* [PROMPT]: Your answer must be a word-for-word copy of the listing, with all pictures excluded.

* [THE INPUT]:
####################

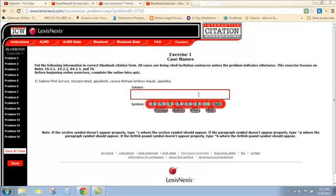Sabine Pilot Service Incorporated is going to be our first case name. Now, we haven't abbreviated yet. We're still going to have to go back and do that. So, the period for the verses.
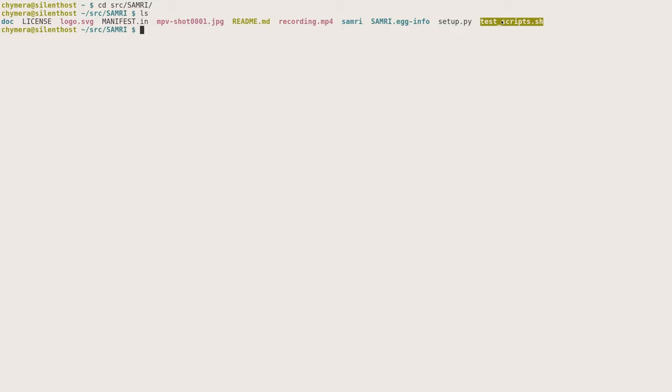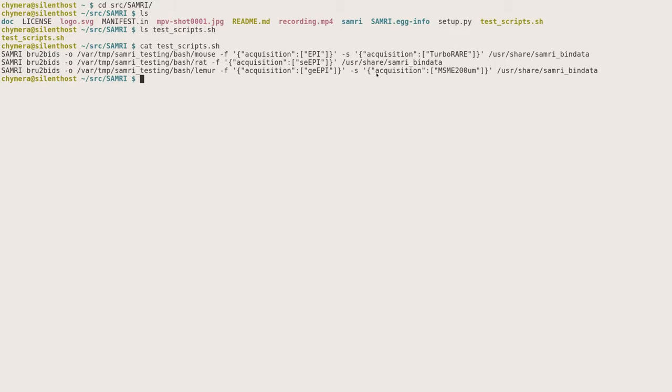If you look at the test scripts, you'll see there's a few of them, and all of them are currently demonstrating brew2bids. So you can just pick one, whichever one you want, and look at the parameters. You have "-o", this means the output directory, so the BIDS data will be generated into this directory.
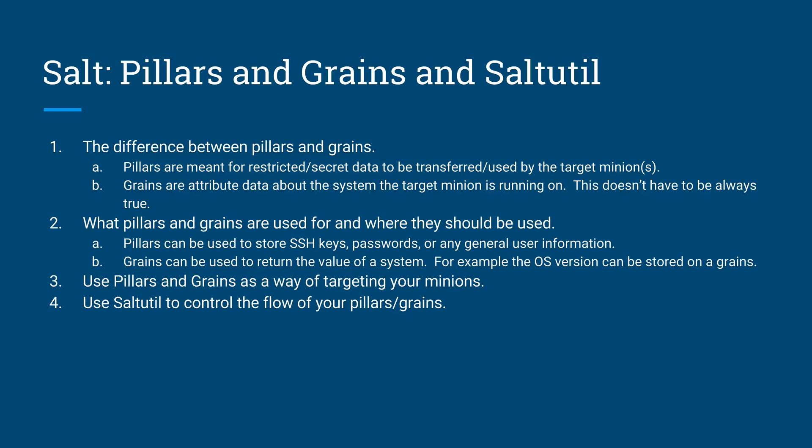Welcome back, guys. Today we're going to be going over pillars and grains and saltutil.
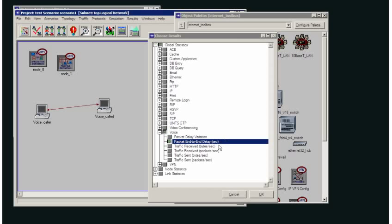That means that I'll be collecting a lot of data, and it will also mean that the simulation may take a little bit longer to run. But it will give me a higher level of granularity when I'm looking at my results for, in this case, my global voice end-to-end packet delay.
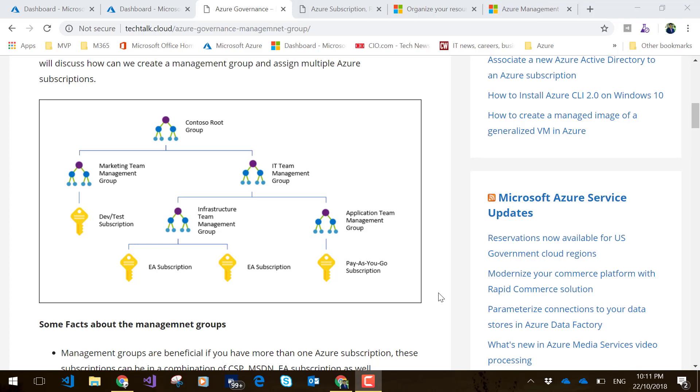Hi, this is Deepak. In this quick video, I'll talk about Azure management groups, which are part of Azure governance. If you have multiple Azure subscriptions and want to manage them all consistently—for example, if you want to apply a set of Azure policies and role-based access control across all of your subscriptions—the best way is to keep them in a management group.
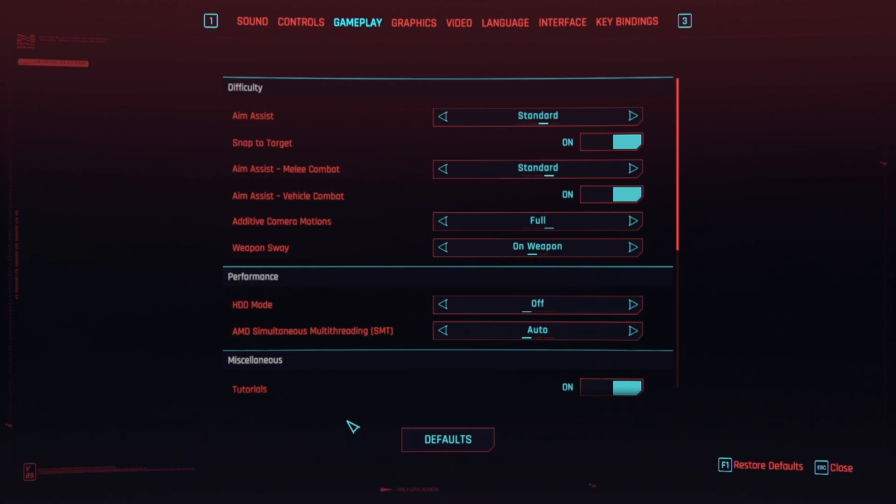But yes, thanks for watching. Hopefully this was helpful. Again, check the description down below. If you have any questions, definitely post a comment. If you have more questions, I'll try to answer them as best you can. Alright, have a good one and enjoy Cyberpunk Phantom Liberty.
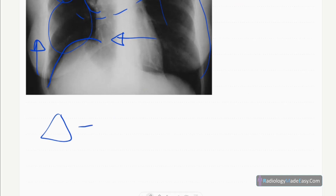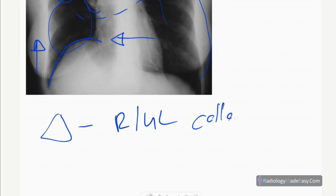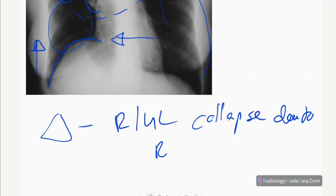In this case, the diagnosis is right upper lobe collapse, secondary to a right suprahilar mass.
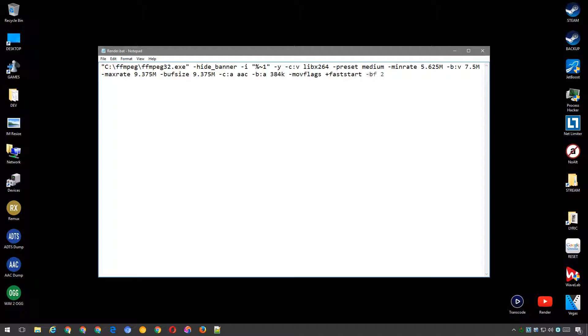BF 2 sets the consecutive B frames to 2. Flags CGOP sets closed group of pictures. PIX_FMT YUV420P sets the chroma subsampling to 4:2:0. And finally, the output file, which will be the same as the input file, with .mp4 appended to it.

####################

* [RESPONSE FOR THIS EXERCISE]:
Sabine Pilot Service Incorporated is going to be our first case name. Now, we haven't abbreviated yet. We're still going to have to go back and do that. So, the period for the verses.
If you look at the test scripts, you'll see there's a few of them, and all of them are currently demonstrating brew2bids. So you can just pick one, whichever one you want, and look at the parameters. You have "-o", this means the output directory, so the BIDS data will be generated into this directory.
Welcome back, guys. Today we're going to be going over pillars and grains and saltutil.
That means that I'll be collecting a lot of data, and it will also mean that the simulation may take a little bit longer to run. But it will give me a higher level of granularity when I'm looking at my results for, in this case, my global voice end-to-end packet delay.
Hi, this is Deepak. In this quick video, I'll talk about Azure management groups, which are part of Azure governance. If you have multiple Azure subscriptions and want to manage them all consistently—for example, if you want to apply a set of Azure policies and role-based access control across all of your subscriptions—the best way is to keep them in a management group.
But yes, thanks for watching. Hopefully this was helpful. Again, check the description down below. If you have any questions, definitely post a comment. If you have more questions, I'll try to answer them as best you can. Alright, have a good one and enjoy Cyberpunk Phantom Liberty.
In this case, the diagnosis is right upper lobe collapse, secondary to a right suprahilar mass.
BF 2 sets the consecutive B frames to 2. Flags CGOP sets closed group of pictures. PIX_FMT YUV420P sets the chroma subsampling to 4:2:0. And finally, the output file, which will be the same as the input file, with .mp4 appended to it.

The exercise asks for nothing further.